About the job
As a hands-on leader, you will merge extensive technical knowledge in ML systems and performance enhancement with robust leadership and personnel management skills. You will have the opportunity to recruit, mentor, and cultivate a high-performing team of engineers, while promoting a culture that embraces innovation, collaboration, and ongoing improvement.
Your Responsibilities:
- Team Leadership & Management:
- Assemble, lead, and manage a high-performing team of ML and infrastructure engineers focused on acceleration.
- Offer technical direction, mentorship, and career development pathways for team members.
- Encourage a collaborative and inclusive team atmosphere.
- Establish team objectives, priorities, and roadmaps that align with organizational goals.
- Technical Strategy & Execution:
- Articulate the technical vision and strategy for ML acceleration throughout the organization.
- Identify and assess cutting-edge technologies and methodologies to expedite ML training, including data pipeline optimization, large-scale distributed training, data loader optimization, hardware acceleration, and model optimization techniques.

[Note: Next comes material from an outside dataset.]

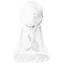 Treeling Nam Đuôi Dài Quấn Đầu Durag Mềm Mượt Mũ Khăn Cho Dễ Dàng Quản Lý Kiểu Tóc Sau Khi Tắm Và Mọi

- Design, develop, and deploy scalable and efficient ML acceleration solutions.
- Cross-functional Collaboration:
- Work closely with ML research, ML Training platform, and product teams to understand their requirements and seamlessly integrate acceleration solutions.
- Communicate intricate technical concepts and strategies to both technical and non-technical stakeholders.
- Serve as a technical authority and proponent for ML acceleration initiatives across the company.
- Impact & Measurement:
- Regularly assess and report on the effectiveness of acceleration initiatives.
- Persistently seek out further optimization and innovation opportunities.